At the dog track, favorites win about 30% of their races. That sounds pretty good, but studies show that they pay poorly, so they only pay back about 84 cents of each dollar you bet on them to win over time. This is NOT the way to win at the dog track, is it?
On the other hand, if you bet only longshots, you’ll lose even more money. They only pay about 70 cents out of the dollar you bet on them to win. Obviously, betting only longshots or only favorites is a losing proposition. This is why 90% of the people who bet on dog races lose.
So, what do the other 10% do differently that makes them winners? Well, they probably have a pretty good handicapping system, for one thing. One that takes many factors into consideration instead of just betting the odds on the toteboard.
Also, they don’t bet with the crowd on favorites or against the crowd on longshots. They bet on what THEY think will come in, no matter what the odds are on the dog. (Except in some rare cases when they know the dog won’t pay off if it comes in because it’s at such low odds.)

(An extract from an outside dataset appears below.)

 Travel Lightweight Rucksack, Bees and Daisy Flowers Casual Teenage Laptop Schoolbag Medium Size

Dogs don’t come in because the crowd likes them. Dogs come in because they’re better than the other dogs they’re racing against. Many times, the crowd notices only some of the factors that affect how the race is run and give that factor too much significance.

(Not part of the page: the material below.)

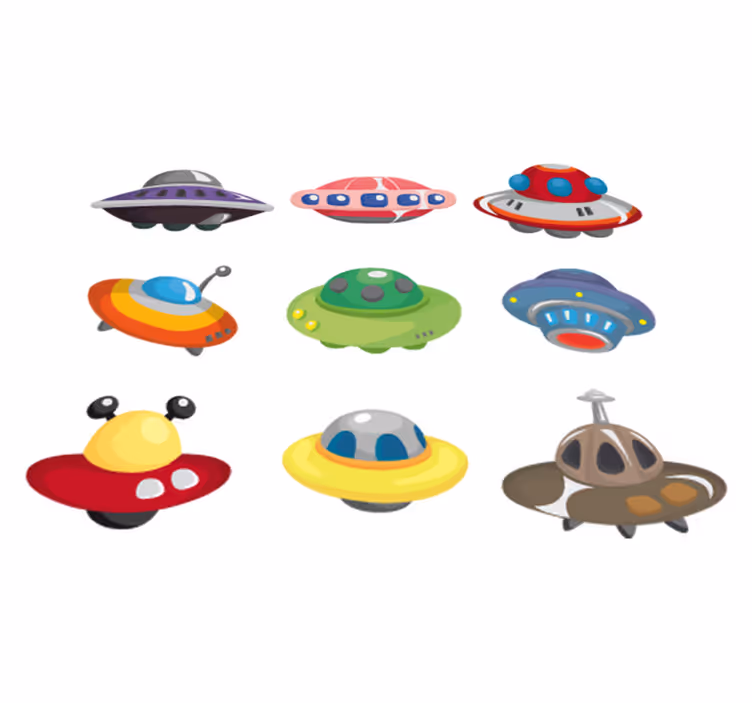Tæppe til børneværelse med rumskibe stickers - TenStickers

For instance, many times the favorite is a dog with early speed. Early speed is good, but it takes more than that to win a race. If the dog fades or another dog is a great closer, early speed can get lost in the dust. That’s why the ten percent of the crowd who win go past looking for early speed and look for the other factors that tell them what to bet on.
Remember, beyond whether a dog is a favorite or a longshot, you have to have a betting strategy and good handicapping skills to make money on either type of bet. Just betting favorites or just betting longshots doesn’t pay off over the long haul. You have to bet the dog, not the odds.